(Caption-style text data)
====================

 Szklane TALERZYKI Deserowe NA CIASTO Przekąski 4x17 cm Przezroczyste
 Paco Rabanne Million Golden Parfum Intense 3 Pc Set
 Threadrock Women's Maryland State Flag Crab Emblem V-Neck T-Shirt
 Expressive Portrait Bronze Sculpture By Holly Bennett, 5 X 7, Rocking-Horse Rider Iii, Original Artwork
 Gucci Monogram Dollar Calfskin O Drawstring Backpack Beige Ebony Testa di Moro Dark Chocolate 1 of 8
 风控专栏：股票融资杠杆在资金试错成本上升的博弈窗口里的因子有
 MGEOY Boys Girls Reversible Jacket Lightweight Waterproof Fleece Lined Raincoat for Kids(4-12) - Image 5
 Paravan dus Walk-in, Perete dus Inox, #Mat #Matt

====================

[TASK OBJECTIVE] Output the lines from the one with "MGEOY Boys Girls" to the final line of the entries above, exactly as they stand, please, and nothing else.

[ANSWER BELOW]
 MGEOY Boys Girls Reversible Jacket Lightweight Waterproof Fleece Lined Raincoat for Kids(4-12) - Image 5
 Paravan dus Walk-in, Perete dus Inox, #Mat #Matt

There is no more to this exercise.